The more modern structured logging term refers to log data that has precisely specified values, i. e. structured. For developers, this is an easy concept: Instead of writing strings of freeform text to the log files or database tables, we want to write objects, where individual properties are easily found, categorized, aggregated, filtered, etc.
We are moving from this (sample log line):
2022-01-01T15:05:07 Fetching data from user with user ID abc
To this:
{ timestamp: 2022-01-01T15:05:07, message: Fetching data from user with user ID abc, userId: abc}
The same information is there, but now the recorded data has structure. NOTE: In the above example, I wrote it in a JSON-like form just to evoke in your mind the word objects. No matter what the format of the serialized data is, think of objects. Structured logging by itself does not impose a serialization or transport format or protocol.
Requirements of Structured Logging
Structured Logging does not impose a minimum number of properties, or that properties follow a particular naming convention. Most structured log stores don't care about the number of properties, their data types or even if every record has all properties present or not.
For common sense, however, you should at least include a timestamp value to be able to follow the logs chronologically. After all, a log entry is not a log entry unless it has a time stamp. Other than this (quite obvious) "requirement", we are pretty much free to send any properties we want to structured log stores (most of them anyway). We'll discuss these specialized services we are calling "structured log stores" in a moment.
FUN FACT: One of the log stores I know, New Relic, is Pascal Case-friendly when it comes to naming the properties. If a property is named
UserId
, then New Relic's user interface will show the column name asUser Id
, with a space between the capitalized words. I think that's a nice touch.
What Happens After We Upgrade?
Ok, so let's imagine I already convinced you to move to structured logging and now, instead of having a log file with human-friendly text lines, you have a log file with a bunch of say, serialized JSON objects. Now it's just harder to read, right?
Yes, indeed the created log file is harder to read. Not only that, the log may continue to be enormous for the naked eye, and you still are out of a way to quickly and efficiently consume this data to obtain relevant information.
This is why, when one decides to go for structured logging, one must also change the way logs are stored. Log files may continue to serve a purpose, but they probably can no longer be the main source of logging. They are dumb, have no structure by themselves and every application may choose to log things differently, making the implementation process a real pain, not to mention its development cost.
This is where specialized services we have called "structured log stores" come into play.
Structured Log Stores
There are several popular logging servers that store and process structured log data. The ones I currently know are SigNoz, Seq, New Relic and Kibana. The latter is, in a nutshell, a user interface to visualize Elasticsearch data.
NOTE: Kibana here is just the user interface. The actual log store is Elasticsearch. I do not know the details or how to set Kibana or Elasticsearch up as it is not in my scope of interest. As a developer, I merely make sure I post structured logs to the company-provided log store.

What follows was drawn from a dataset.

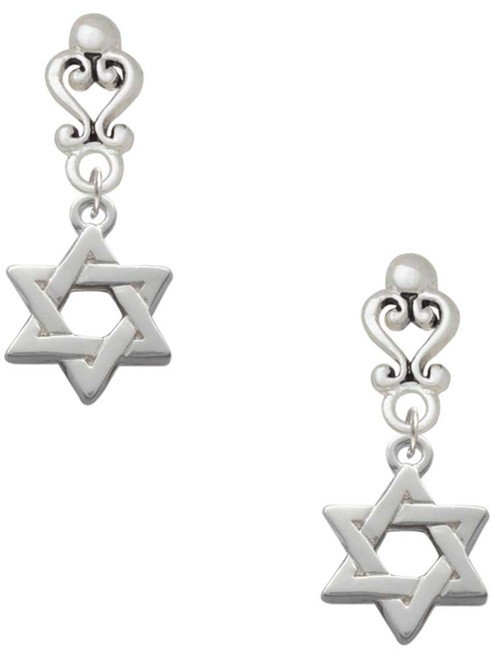 Silver Plated Star Of David - Filigree Heart Post Earrings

Of the aforementioned four, the former two are more lightweight, while the latter two are more "large enterprise"-focused. As a personal recommendation, go with Seq. It is readily available in Docker Hub and you'll have it running on your PC or even in your Kubernetes environment in minutes.

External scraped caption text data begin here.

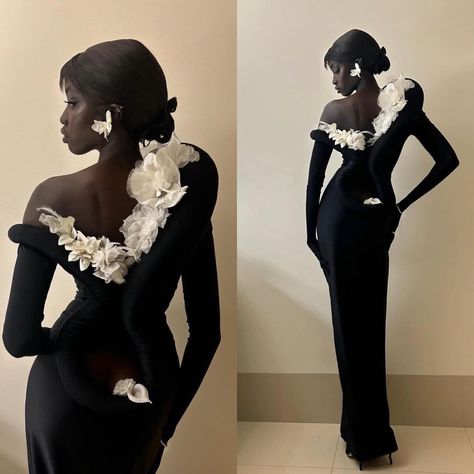 anok yai’s wearing quine li dress for vogue’s annual pre-met gala party Anok Yai Met Gala, 1950s Aesthetic, Anok Yai, Gala Party, Fashion Artwork, Dress Makeup, Leopard Dress, Dreamy Wedding, Black American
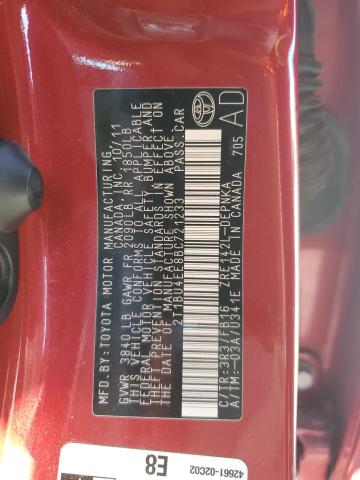 2T1BU4EE8BC721233 - 2011 TOYOTA COROLLA BASE Қызыл фото 12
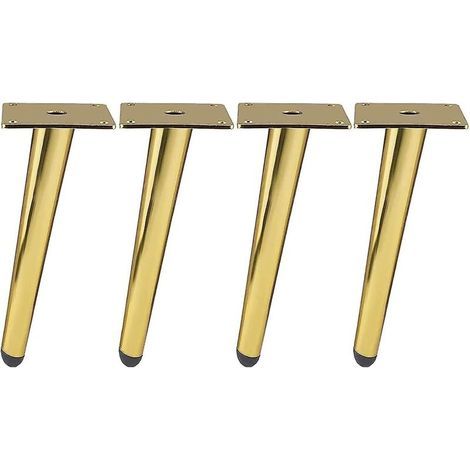 Pieds de meubles inclinés en métal doré de 15 cm, lot de 4 - pour canapés, tables, armoires (1/5)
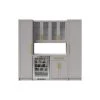 6-Piece Gray Home Bar Cabinet Set with Contemporary Brushed Brass Handles by NewAge Products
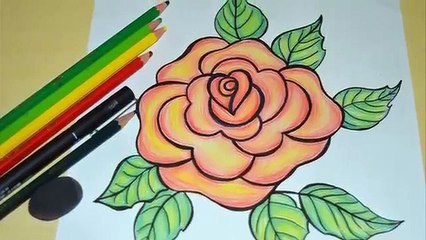 Como desenhar e pintar uma Rosa -  passo a passo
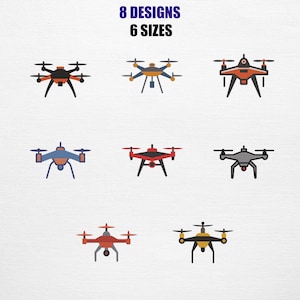 May include: An image displays eight drone designs in various colors, including orange, blue, red, and gray. The text at the top reads "8 DESIGNS" and "6 SIZES". The drones have four propellers and a central body.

SigNoz, while it does look good and promising, is not as simple to test. I won't go over it here. If you are interested, by all means, test drive it and come back and tell me all about it. I just don't get in the mood for downloading and compiling source code just to test the application.

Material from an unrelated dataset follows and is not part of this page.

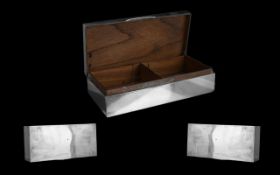 Silver Cigarette Box, etched column design to front, two interior sections, cedar lined.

With a structured log store, one is relieved from the responsibility of setting up all the backend engine required to process, filter, extract and analyze data. All four available solutions mentioned provide user interfaces that allow viewing, searching and even plotting the data in a way that can be analyzed quickly and exactly. This is the ultimate goal of structured logging if you remember the discussion at the start of the article.
Ok, Structured Log Store is Set Up. Now What?
This is the fun part, in my opinion. You are ready with a log store (and a corresponding front end), and that means your system, be it a monolithic server application, a microservices distributed application, or even a desktop application, can start sending structured log entries to this log store. Once this is happening, you will enter a beautiful world.
A picture is worth a thousand words, so let me show you a picture, using Seq, of a line chart I created by counting the number of times different backend URLs were queried.
For completeness, here's the "SQL" query used to create the chart:
select count(*) from stream where Elapsed is not null and @Timestamp >= Now() - 20d group by RequestPath, time(1d) limit 10000
Simple, right? Yet so powerful! This is just a tiny something of all the things you can find out by analyzing the logged data. Let's do one more example.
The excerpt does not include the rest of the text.